== Segment start ==
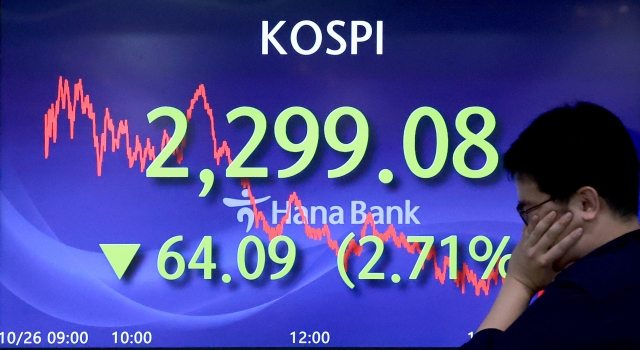 An electronic board showing the Korea Composite Stock Price Index at a dealing room of the Hana Bank headquarters in Seoul on Monday. (Yonhap)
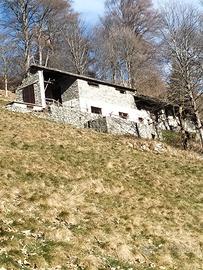 Rustico e Terreni a 1200mt a Valchiusa 10089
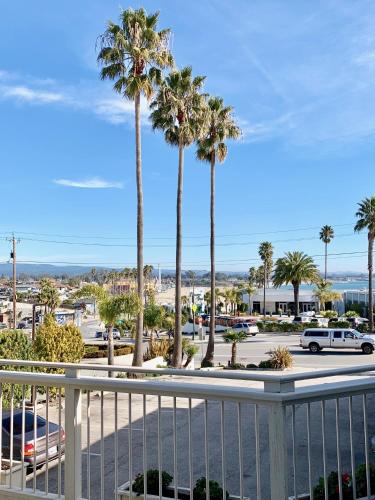 Seaway Inn Room Type - King Room with Sea View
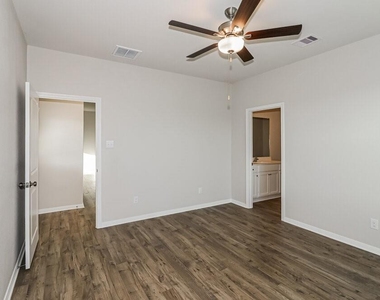 194 Emma Rose Drive - Photo Thumbnail 6
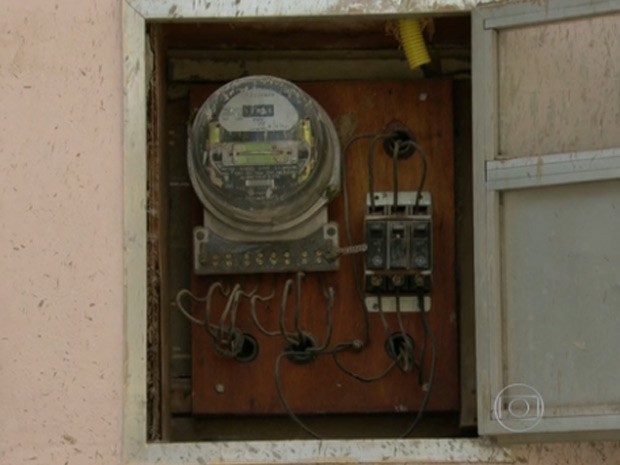 Relógio medidor de consumo de energia (Foto: Reprodução/TV Globo)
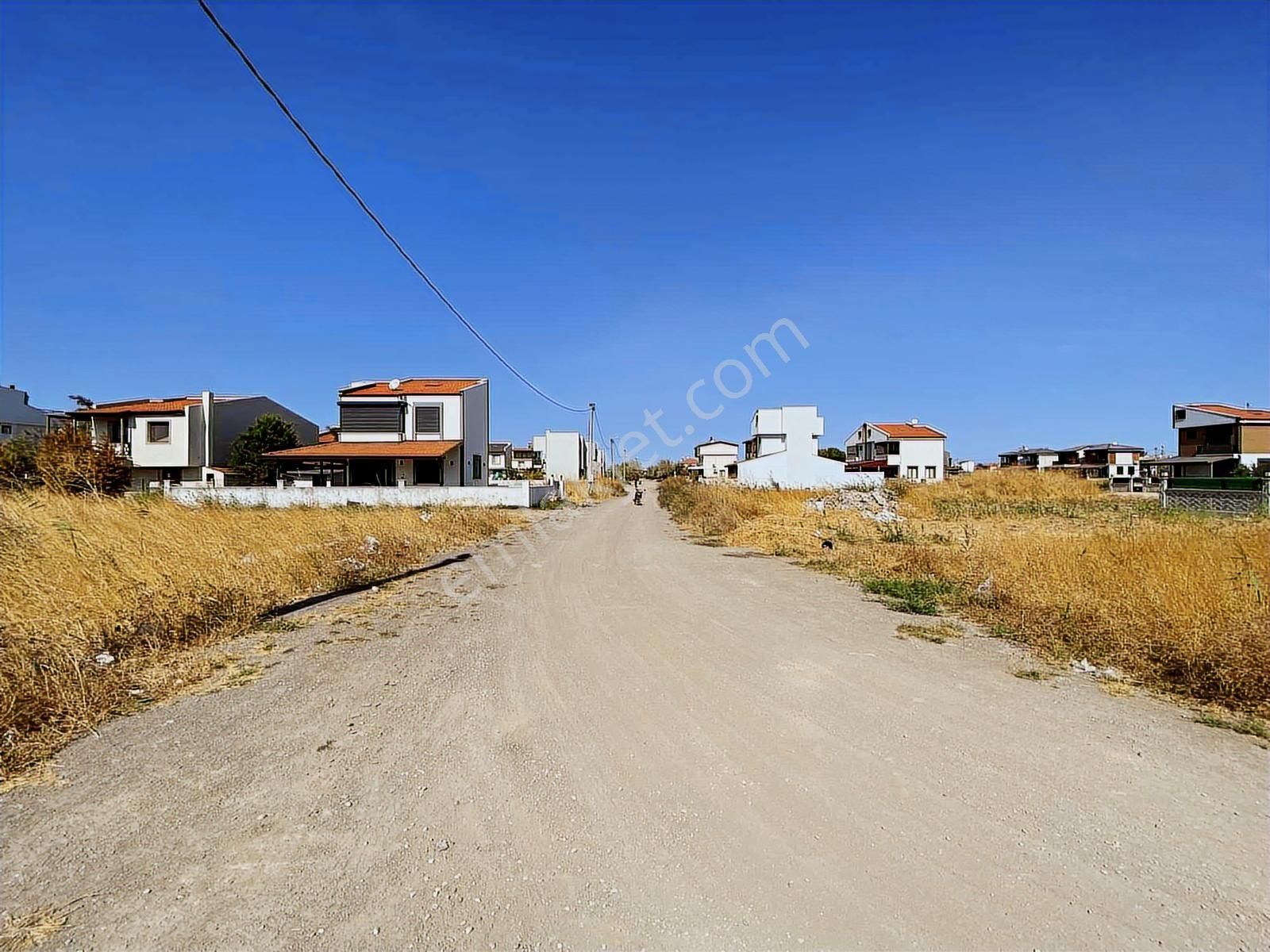 Dağlı Gayrimenkul'den 238m2 Villa Arsası - Görsel 7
== Segment end ==
AIM OF THE TASK: Retype the lines above exactly, no pictures.

FINISHED TASK:
 An electronic board showing the Korea Composite Stock Price Index at a dealing room of the Hana Bank headquarters in Seoul on Monday. (Yonhap)
 Rustico e Terreni a 1200mt a Valchiusa 10089
 Seaway Inn Room Type - King Room with Sea View
 194 Emma Rose Drive - Photo Thumbnail 6
 Relógio medidor de consumo de energia (Foto: Reprodução/TV Globo)
 Dağlı Gayrimenkul'den 238m2 Villa Arsası - Görsel 7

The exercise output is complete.